Nach den Ausgrabungen lässt sich die Anlage von Pompeji genau rekonstruieren. Den Mittelpunkt der Stadt bildete das Forum mit Gerichtsgebäude, Markthalle und mehreren Tempeln. Dazu kamen ein Freilufttheater, Thermen, Gasthäuser, Vergnügungsstätten, eine Kaserne für die Gladiatoren. Handwerks- und Gewerbebetriebe sind an den jeweiligen Schildern zu erkennen: eine Bäckerei, eine Fischhalle, eine Goldschmiede. Im sogenannten Haus des Chirurgen wurde ein aus Bronze und Eisen hergestelltes Operationsbesteck gefunden, im Hause eines Gelehrten eine Bibliothek mit mehreren hundert Bänden.

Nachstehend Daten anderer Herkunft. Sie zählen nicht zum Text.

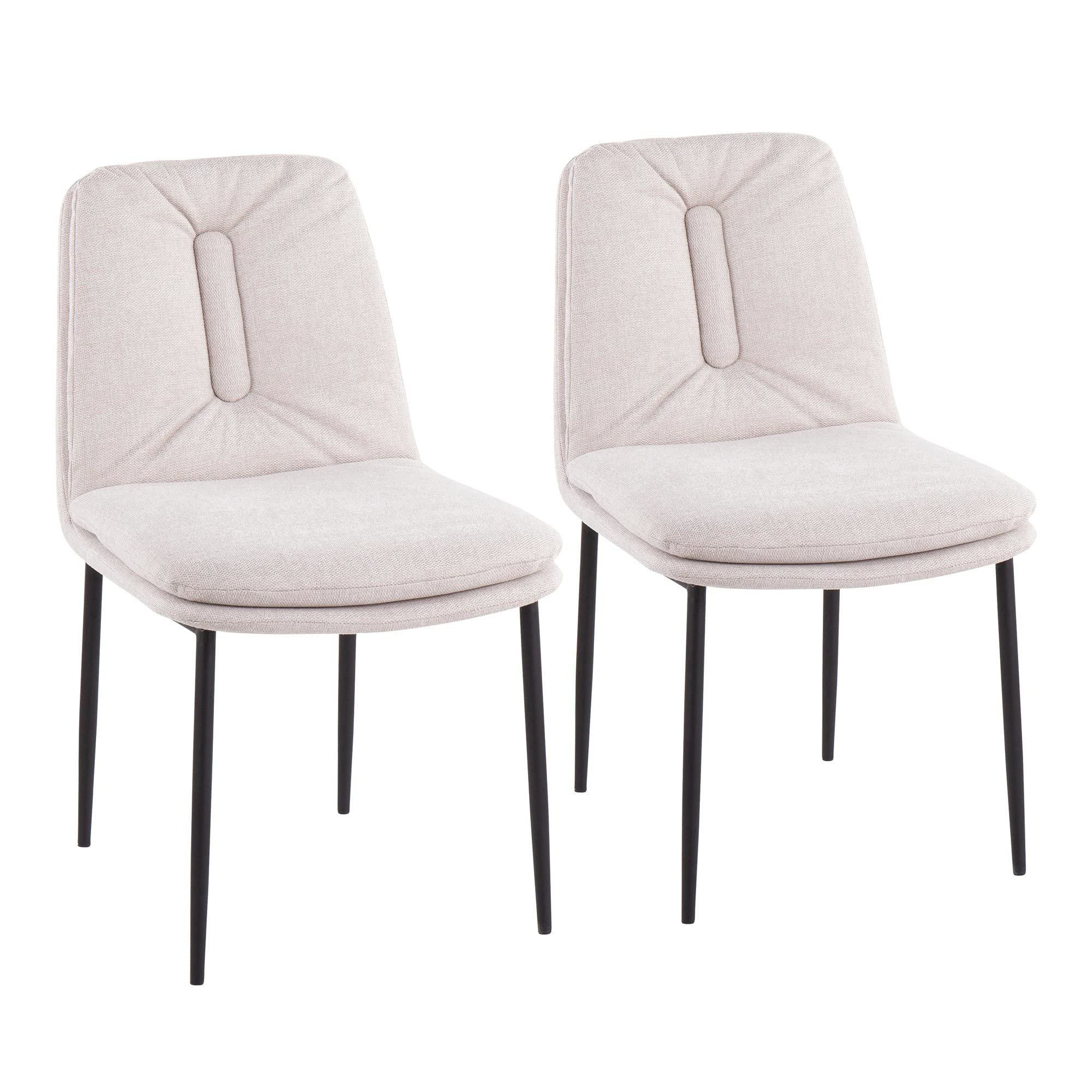 LumiSource Smith Modern Upholstered Dining Chairs Set of 2 - Contemporary Kitchen & Dining Room Chairs for Home, Restaurant, or Cafe Use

Fußböden und Wände vieler Häuser waren mit Mosaiken geschmückt. In einem Keller lag unbeschädigt ein in Wolle und Leinen gehülltes Silberbesteck. Wunderschöne Marmorstatuen, wertvolle Wandgemälde, Silbergeschirr und Goldschmuck zeugen vom Luxus einer mondänen Gesellschaft. An den Hauswänden haben sich Graffiti erhalten, mit teils politischem, teils privatem Inhalt. »Rufus ist der beste Kandidat«, verkündet eine Inschrift. Auf einer anderen steht: »Tullia - dich liebe ich immer!« Ein offenbar jüdischer Bewohner bringt das Inferno auf den Punkt: »Sodoma und Gomorra!«

Mit über 250 Exponaten vermittelt die Ausstellung in München einen umfassenden Einblick in das Leben der Menschen an den Hängen des Vesuvs vor zweitausend Jahren. Berühmte Kunstwerke wie der bronzene Läufer aus Herculaneum stehen neben neu entdeckten Funden aus der letzten Zeit. Dazu gehört eine 25 Meter lange Mosaik-Brunnenwand aus einem Nymphäum, die anlässlich der Ausstellung restauriert und erstmals der Öffentlichkeit gezeigt wird. Auch auf das Pompejanum in Aschaffenburg wird eingegangen, mit dem König Ludwig I. nach seiner Rückkehr aus Italien seiner Begeisterung für die römische Kunst und Kultur Ausdruck verlieh.